>>>>>

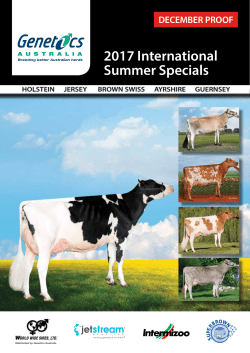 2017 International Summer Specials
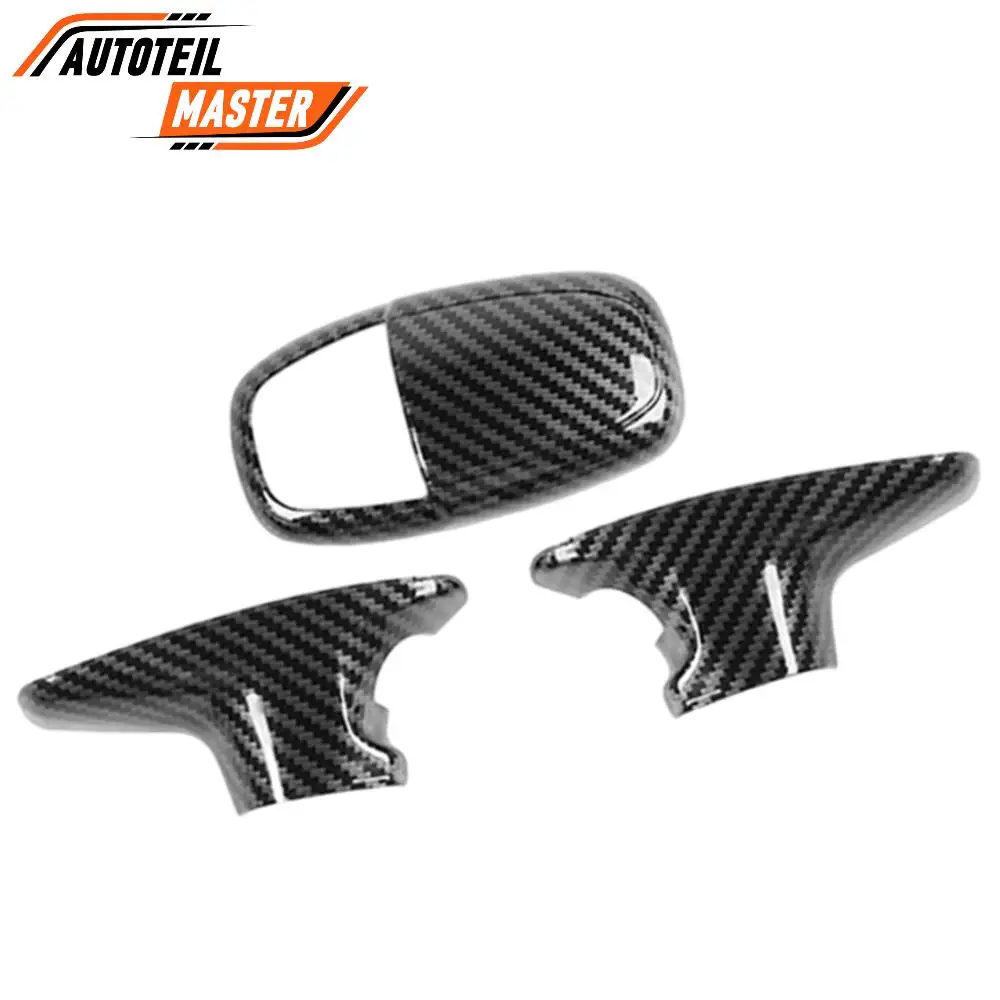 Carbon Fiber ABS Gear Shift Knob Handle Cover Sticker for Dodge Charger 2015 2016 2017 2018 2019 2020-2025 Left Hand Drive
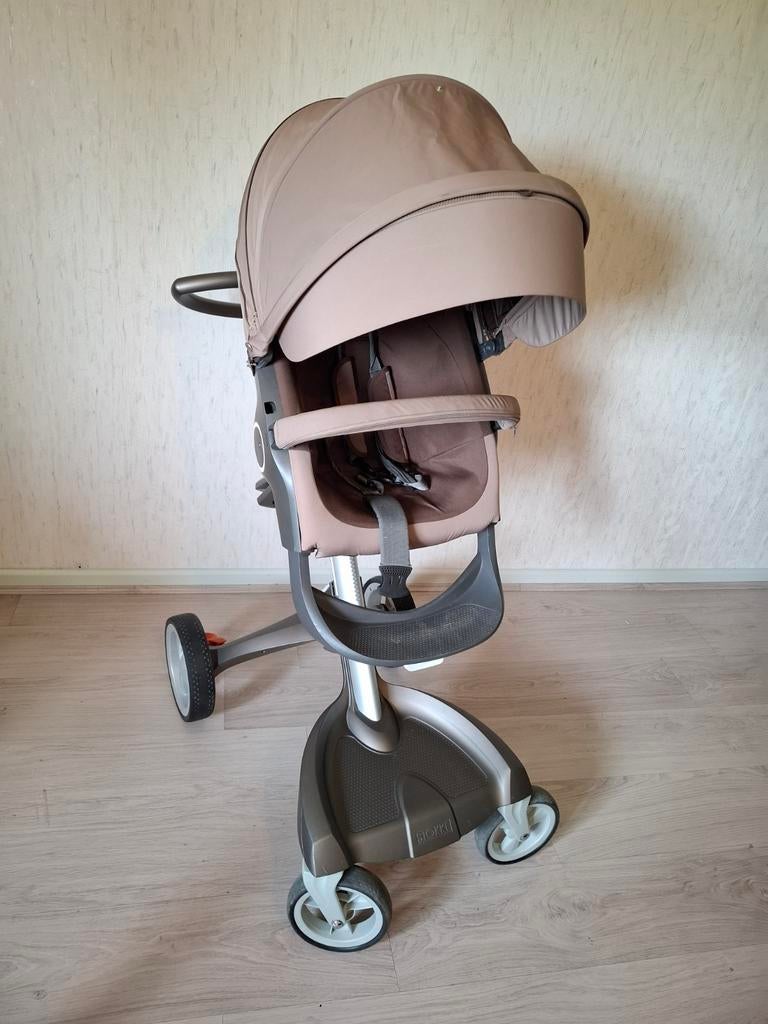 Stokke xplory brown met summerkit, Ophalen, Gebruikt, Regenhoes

<<<<<
>>>>>

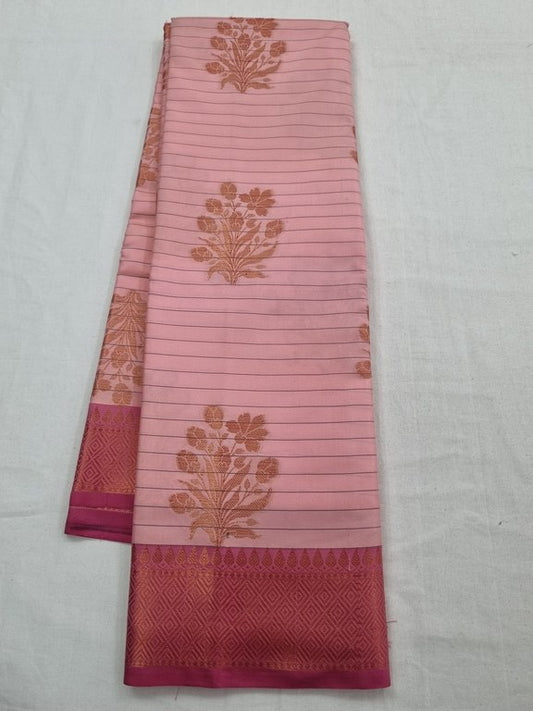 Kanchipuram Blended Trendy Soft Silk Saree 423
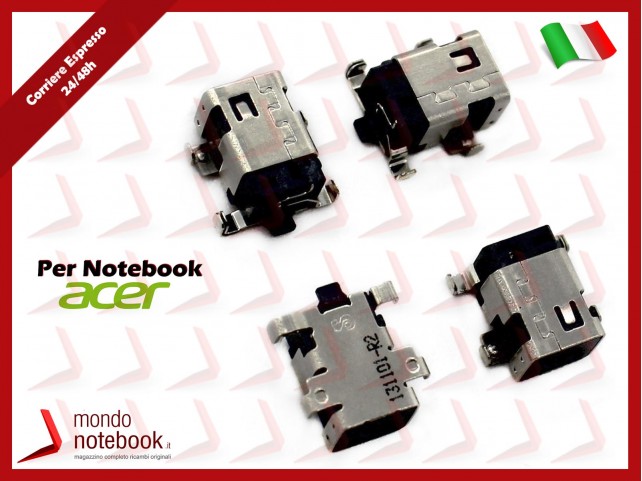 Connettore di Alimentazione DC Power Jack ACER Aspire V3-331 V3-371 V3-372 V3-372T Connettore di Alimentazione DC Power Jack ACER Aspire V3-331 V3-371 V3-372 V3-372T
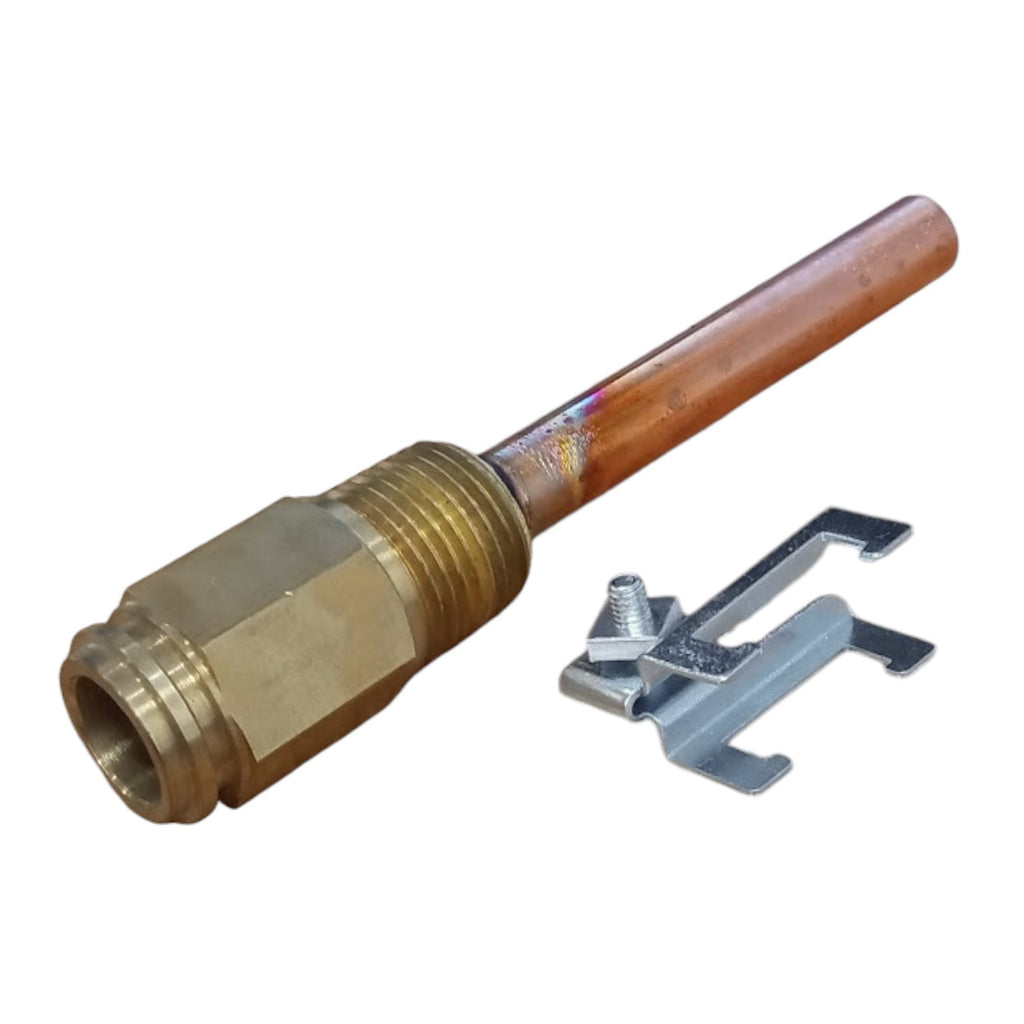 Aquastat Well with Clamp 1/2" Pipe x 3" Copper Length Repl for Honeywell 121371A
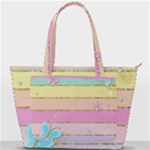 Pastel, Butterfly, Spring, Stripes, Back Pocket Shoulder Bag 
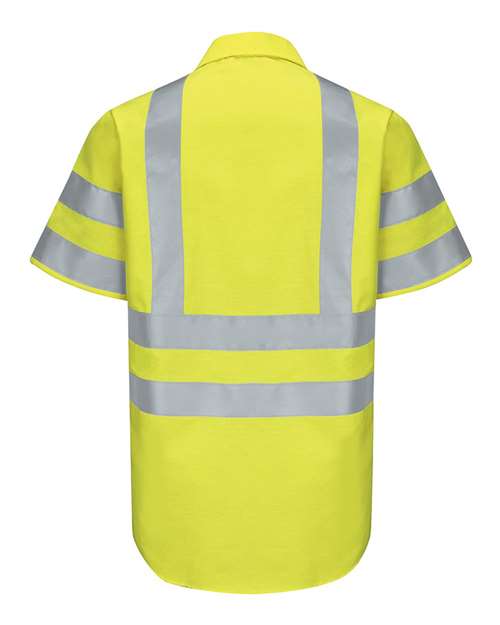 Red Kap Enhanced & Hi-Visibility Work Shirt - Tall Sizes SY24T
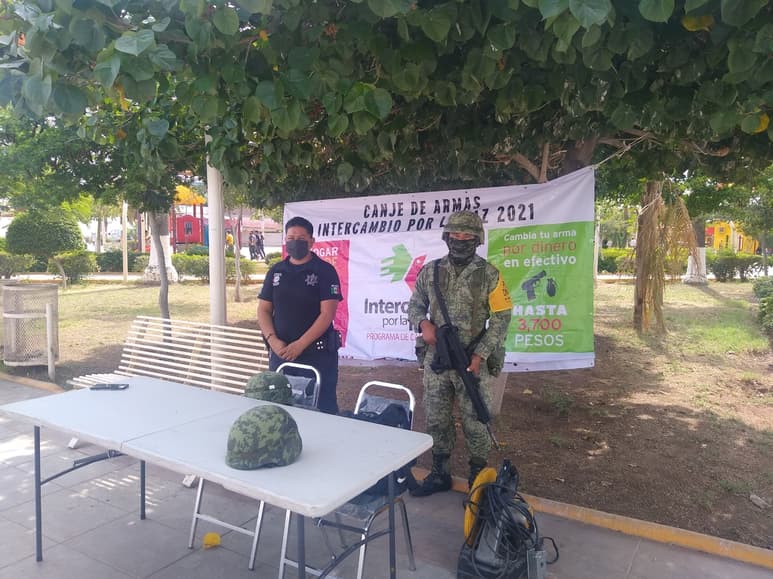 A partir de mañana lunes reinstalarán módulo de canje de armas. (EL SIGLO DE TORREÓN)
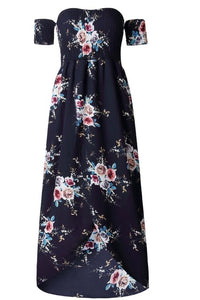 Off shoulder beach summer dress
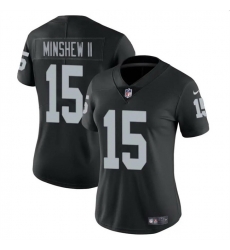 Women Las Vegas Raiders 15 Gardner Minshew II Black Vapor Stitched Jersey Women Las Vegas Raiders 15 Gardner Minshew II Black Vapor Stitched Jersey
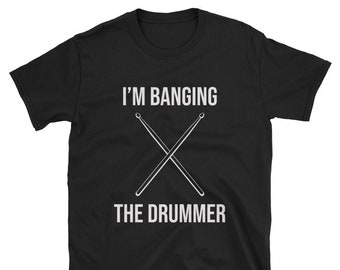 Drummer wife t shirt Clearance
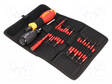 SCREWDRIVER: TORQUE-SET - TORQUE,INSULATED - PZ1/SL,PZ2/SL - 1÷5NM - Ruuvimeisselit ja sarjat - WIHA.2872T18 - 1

<<<<<
>>>>>

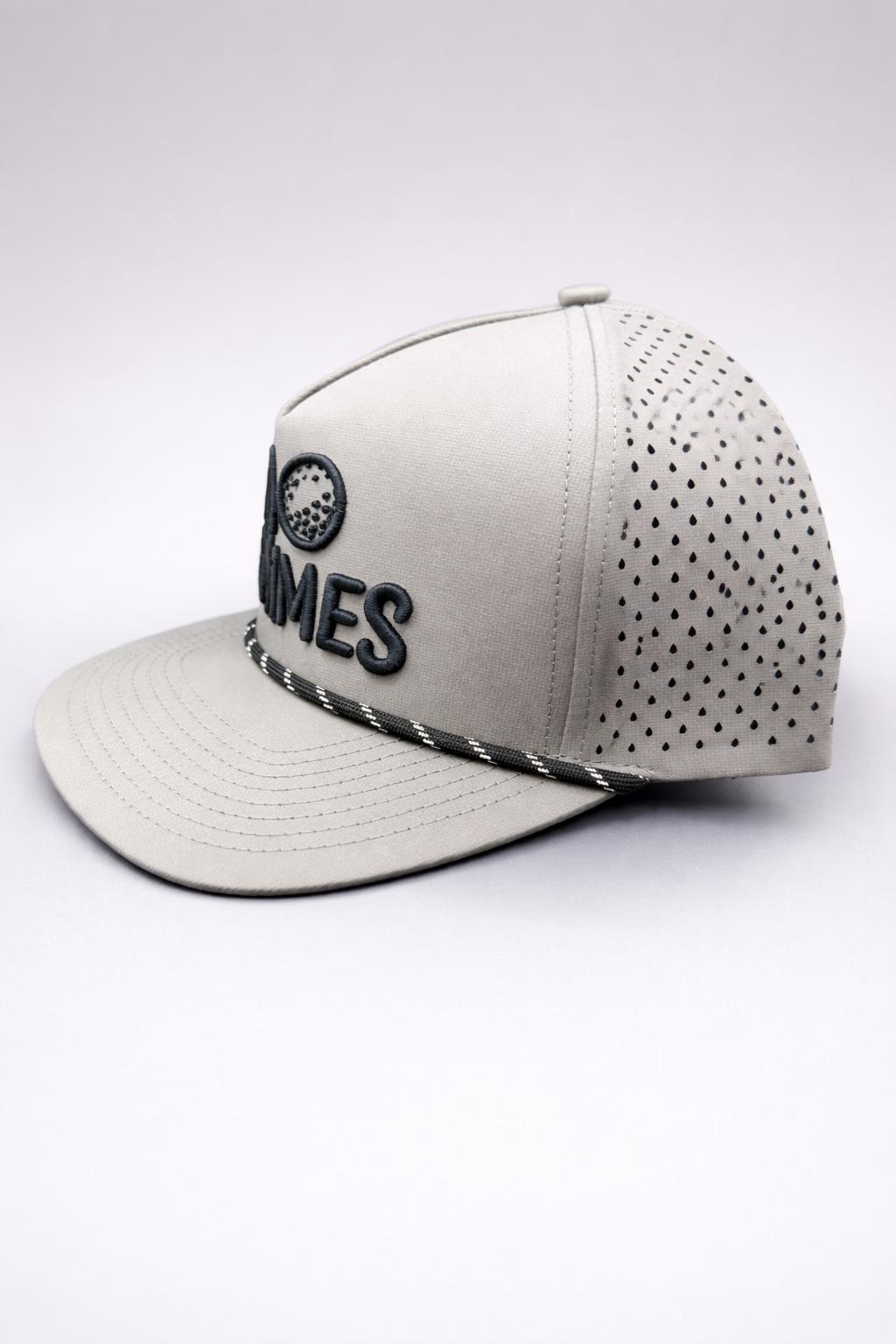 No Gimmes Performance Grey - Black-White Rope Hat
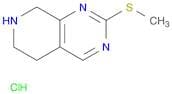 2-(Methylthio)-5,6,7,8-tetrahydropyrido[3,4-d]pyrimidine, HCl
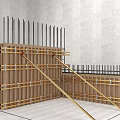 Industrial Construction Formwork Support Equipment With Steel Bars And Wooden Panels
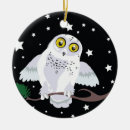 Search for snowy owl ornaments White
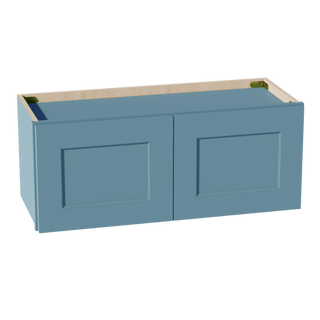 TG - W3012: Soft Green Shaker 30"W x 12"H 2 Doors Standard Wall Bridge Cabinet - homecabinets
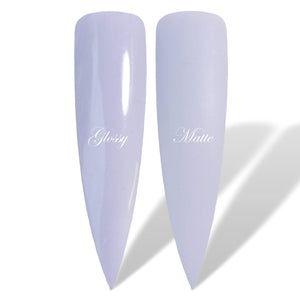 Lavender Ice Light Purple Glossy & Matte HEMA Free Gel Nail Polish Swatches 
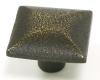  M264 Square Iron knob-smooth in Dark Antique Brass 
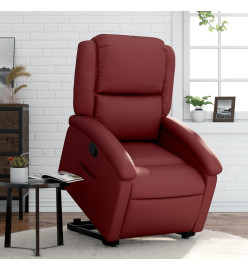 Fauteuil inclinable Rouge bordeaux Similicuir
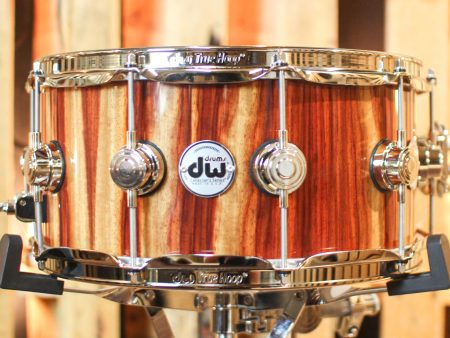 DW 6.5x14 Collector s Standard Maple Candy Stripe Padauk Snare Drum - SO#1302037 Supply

<<<<<

*Task item*:
Find the line with "2-(Methylthio)-5,6,7,8-tetrahydropyrido[3,4-d]pyrimidine, HCl" in the data above, and from there retype each line exactly through the line with "DW 6.5x14 Collector", skipping the pictures along the way.

*Answer*:
 2-(Methylthio)-5,6,7,8-tetrahydropyrido[3,4-d]pyrimidine, HCl
 Industrial Construction Formwork Support Equipment With Steel Bars And Wooden Panels
 Search for snowy owl ornaments White
 TG - W3012: Soft Green Shaker 30"W x 12"H 2 Doors Standard Wall Bridge Cabinet - homecabinets
 Lavender Ice Light Purple Glossy & Matte HEMA Free Gel Nail Polish Swatches 
  M264 Square Iron knob-smooth in Dark Antique Brass 
 Fauteuil inclinable Rouge bordeaux Similicuir
 DW 6.5x14 Collector s Standard Maple Candy Stripe Padauk Snare Drum - SO#1302037 Supply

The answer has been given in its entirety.